## Assignment
Write out the listing below in full and exactly, leaving out every picture.

--- Data block Enclosed Below ---

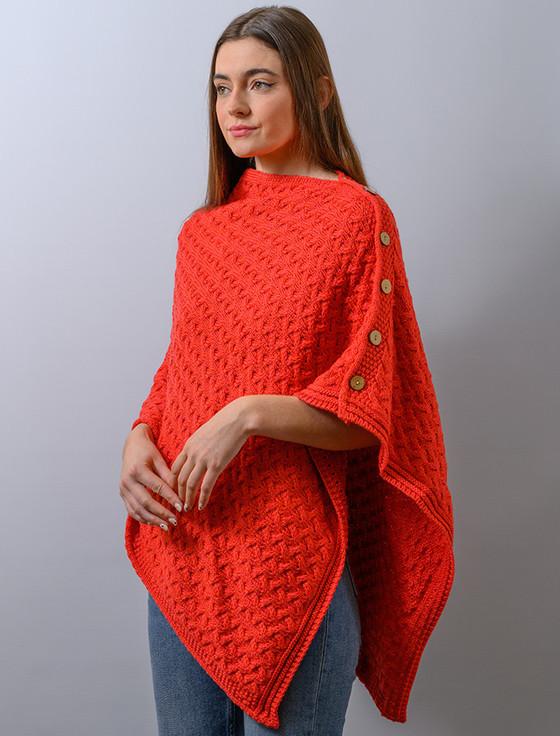 aran cashmere Super Soft‎ Trellis Poncho‎‎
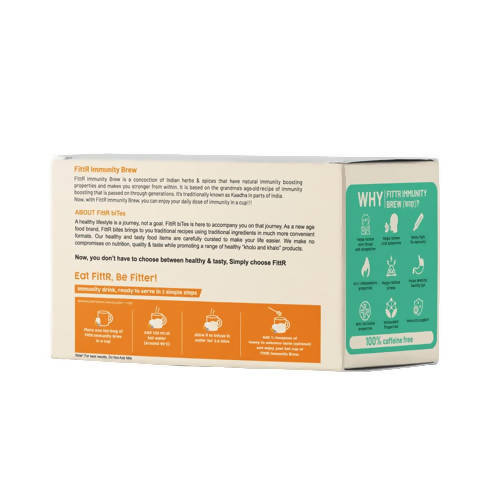 FittR biTes Immunity Brew Tea Bags | Grocsy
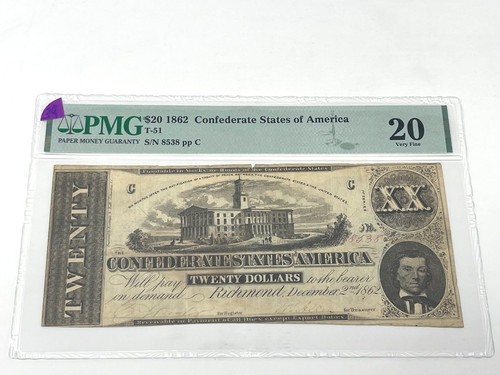 1862 20 dollars - us,,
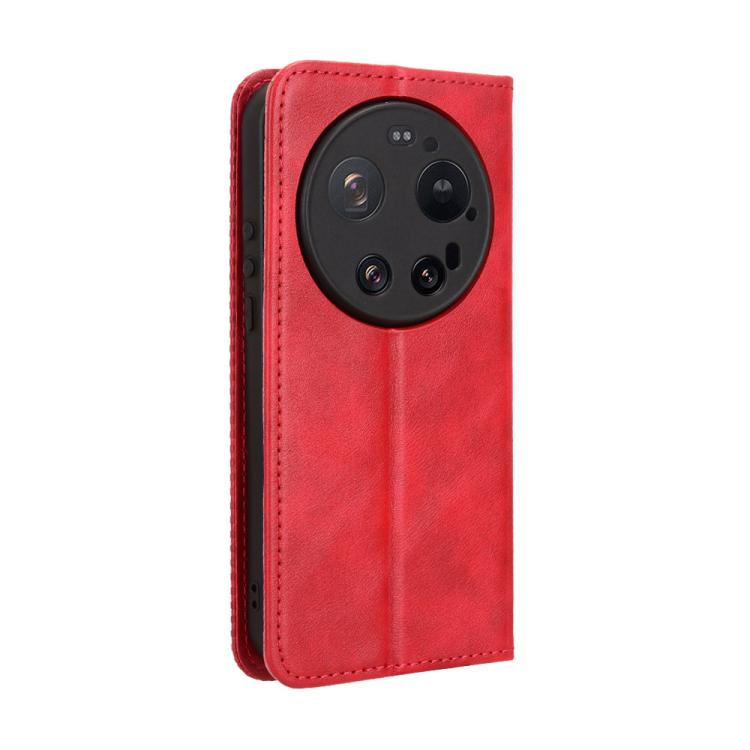 For Xiaomi 17 Ultra Magnetic Buckle Retro Texture Leather Phone Case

--- End of Enclosed Data block ---

## Task response
 aran cashmere Super Soft‎ Trellis Poncho‎‎
 FittR biTes Immunity Brew Tea Bags | Grocsy
 1862 20 dollars - us,,
 For Xiaomi 17 Ultra Magnetic Buckle Retro Texture Leather Phone Case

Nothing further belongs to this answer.